Most people only think about capital costs. But there is more to a project than construction costs, design, permitting, level, and land purchases. Those are just the upfront costs it takes to get a project completed. They are not the costs of running the system, which will include labor, energy, chemicals, waste disposal, and other factors.
If you want a more accurate picture of your system’s true cost over time, you need to conduct a life-cycle cost (LCC) calculation. This will include not only capital costs, but also the costs of on-going operation, maintenance and repair, and “end of life” costs. This will help you decide what systems will be best for your municipality, as the demands on a system will vary based on population and kinds of industries being served, or for your factory, since the kinds of wastewater being produced will vary by industry.
When considering LLCs, it’s important to determine the appropriate time period over which to conduct the evaluation.
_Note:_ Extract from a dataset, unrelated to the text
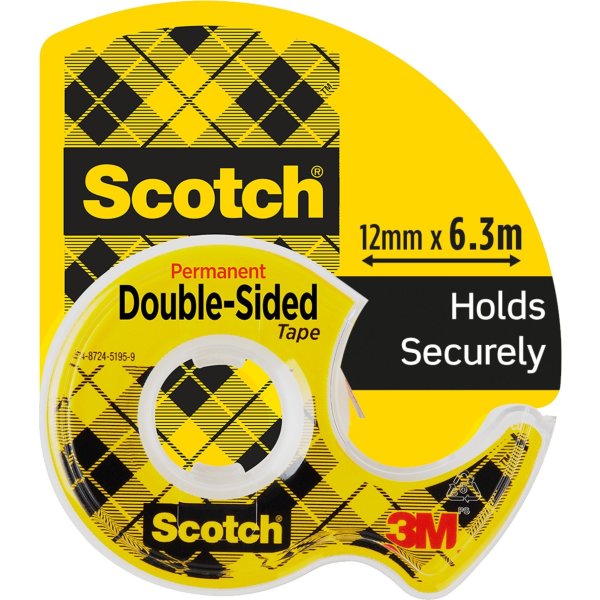 Scotch tejp, dubbelhäftande 12 mm x 6,3 m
Too long, and you may not account for changing conditions, regulations, or needs; too short, and it may skew the analysis in favor of lower capital cost options. Remember that the lowest-cost system may not be the one with the lowest capital costs, especially if expansions will be needed in the near future. Being truly fiscally responsible means thinking about long-term costs.
Because so many factors are involved, wastewater treatment is complex and almost always requires custom solutions. Failing to treat wastewater correctly can result in thousands of dollars in fines from violating local, state, and federal regulations. This is a potential cost few people consider when planning what system to install. It makes no sense to “save” $50,000 only to get a $100,000 fine and then have to make $50,000 in changes anyway!
Energy costs can account for as much as 30% of water and wastewater treatment plant operation and maintenance costs. Pumping systems account for nearly 25% of all industrial, and more than 50% of municipal water and wastewater industry electricity consumption. Pump system optimization can reduce energy costs by 20% or more. A pilot test can help you determine likely energy costs for your LLC analysis.
It is important to understand the costs of wastewater management, and to work with an experienced expert to tackle your unique challenges. A LC calculation can provide you with a more accurate picture of the true cost of a new wastewater treatment system and help you design and select the most cost-effective choice.